Projet de loi 141

Le consommateur en sort-il gagnant?

Dans un article paru le 8 mai dernier dans le quotidien Le Devoir, le journaliste François Desjardins présente le point de vue du ministre des Finances du Québec, Carlos Leitão, concernant le projet de loi 141 (PL 141) sur l’encadrement du système financier. Rappelons qu’il s’agit d’un projet de loi monstre qui vient modifier plus d’une cinquantaine de lois qui touchent de près ou de loin différents aspects du système financier. Le PL 141 vient notamment permettre la vente en ligne d’assurance sans l’entremise d’un représentant certifié, que ce soit un courtier d’assurance, ou encore, un agent d’assurance lorsque l’on appelle directement chez l’assureur.

Nous pouvons lire dans l’article de M. Desjardins que, selon le ministre, « ceux qui concluent à un affaiblissement de la protection des consommateurs font une mauvaise lecture du projet de loi », et que la position du gouvernement « ne fait aucun compromis sur la protection du consommateur ». La Confédération des syndicats nationaux (CSN) et la Fédération du commerce–CSN sont en désaccord avec le ministre.

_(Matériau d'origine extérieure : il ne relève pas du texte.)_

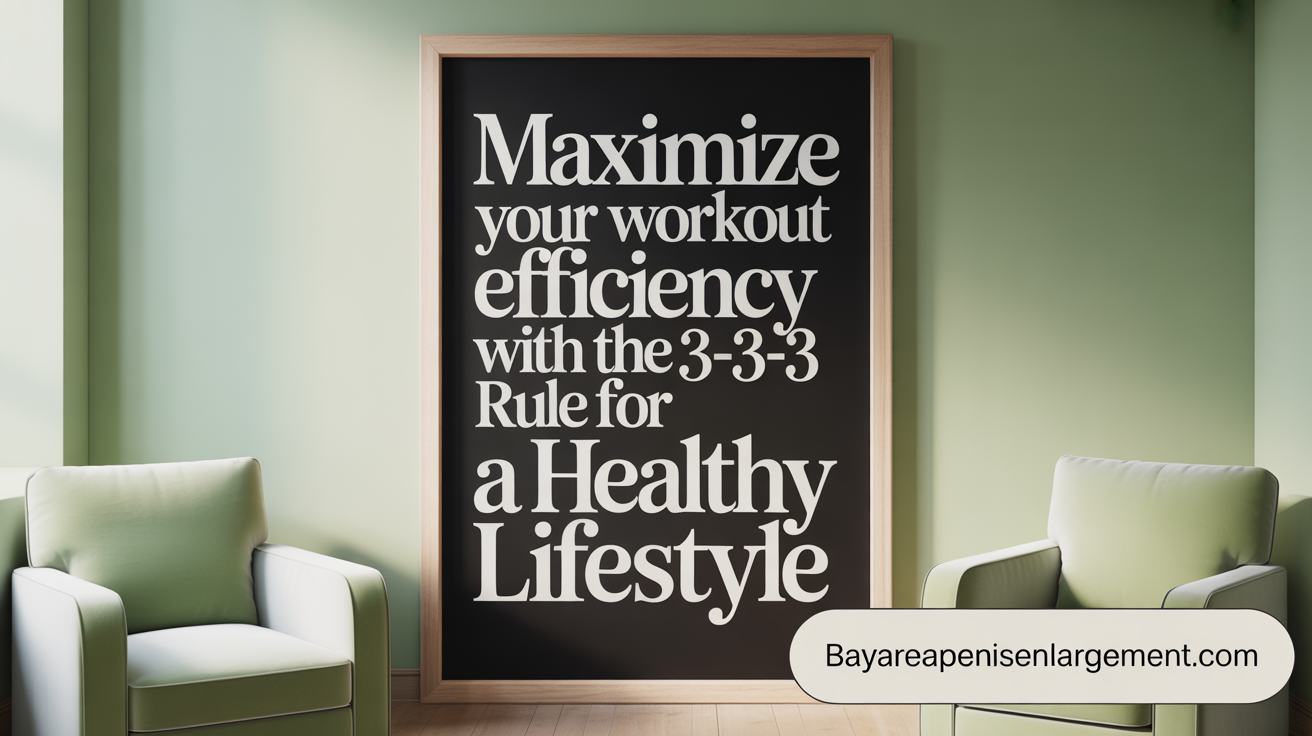 Maximize Your Workout Efficiency with the 3-3-3 Rule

Nous représentons plus de 1000 travailleuses et travailleurs qui exercent fièrement le métier d’agent d’assurance au sein de la SSQ. Leur quotidien consiste à bien informer et à conseiller consciencieusement le consommateur, afin qu’il obtienne le produit d’assurance qui convient le mieux à ses besoins.

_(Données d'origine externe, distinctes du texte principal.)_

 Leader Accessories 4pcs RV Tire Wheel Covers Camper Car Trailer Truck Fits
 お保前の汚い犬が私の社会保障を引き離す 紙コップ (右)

Les conséquences liées à une couverture d’assurance inadéquate peuvent s’avérer catastrophiques financièrement pour l’assuré, pouvant même parfois entraîner la faillite. Cette situation peut d’autant plus survenir s’il se croit couvert à tort. Le domaine de l’assurance est extrêmement complexe. Par exemple, saviez-vous que dans le domaine de l’assurance automobile, qui apparaît pourtant simple au premier abord, il existe un total de 42 avenants rattachés au seul formulaire des propriétaires (FPQ no 1)? Savez-vous lesquels sont pertinents pour vous?

C’est pourquoi au fil des ans, la loi a conféré un rôle important aux représentants d’assurance. En présence d’un représentant certifié, le client bénéficie d’une protection non négligeable. En effet, le représentant doit réussir un examen et obtenir un permis de pratique de l’Autorité des marchés financiers (AMF); il doit également se conformer à un code de déontologie qui l’assujettit à un comité de discipline en cas d’infraction; enfin, il doit suivre 20 heures de formation continue tous les deux ans.

Avec la vente de produits d’assurance en ligne sans représentant, la tentation sera grande de naviguer sur un site Internet de comparaison d’assurances et de cliquer sur l’offre la plus abordable sans comparer la portée des protections offertes et des exclusions des différents produits proposés sur le marché. Avec le PL 141, certaines responsabilités additionnelles ont été dévolues aux assureurs pour encadrer la vente en ligne, mais cela n’est pas suffisant. Visiblement, la manière dont la vente d’assurance en ligne sera encadrée créera deux standards de protection distincts pour le consommateur, soit l’assurance est distribuée en ligne sans l’entremise d’un représentant certifié, soit elle l’est par un moyen traditionnel (rencontre en personne ou téléphonique avec un représentant).

Certains diront que la formule envisagée donne le choix au consommateur, puisqu’en tout temps lors du processus en ligne, il pourra contacter un agent d’assurance pour obtenir des conseils. Or, l’agent d’assurance n’est pas seulement là pour répondre aux questions des consommateurs ; son rôle consiste aussi à vérifier certains éléments d’information et à poser des questions pour clarifier les besoins du client, qui ne s’y connaît pas nécessairement en matière d’assurance.

Si le ministre Leitão souhaite réellement ne faire aucun compromis sur la protection du consommateur, le seul choix qui lui reste, selon nous, est d’encadrer la vente d’assurance en ligne de manière à ce que le client maintienne l’accès aux conseils des représentants d’assurance.

Nous déplorons par ailleurs le fait que cet important enjeu soit noyé dans un projet de loi aussi volumineux. Nos gouvernements doivent mettre fin à cette habitude qu’ils ont depuis quelque temps de se servir de projets de loi « mammouth » pour faire avaler des décisions politiques qu’ils savent délicates ou impopulaires.

La menace qui pèse sur les emplois dans le secteur des assurances crée une grande inquiétude chez les travailleuses et travailleurs. Mais qu’ils soient rassurés, la CSN et la Fédération du commerce–CSN poursuivront leurs interventions pour dénoncer les effets néfastes du PL 141.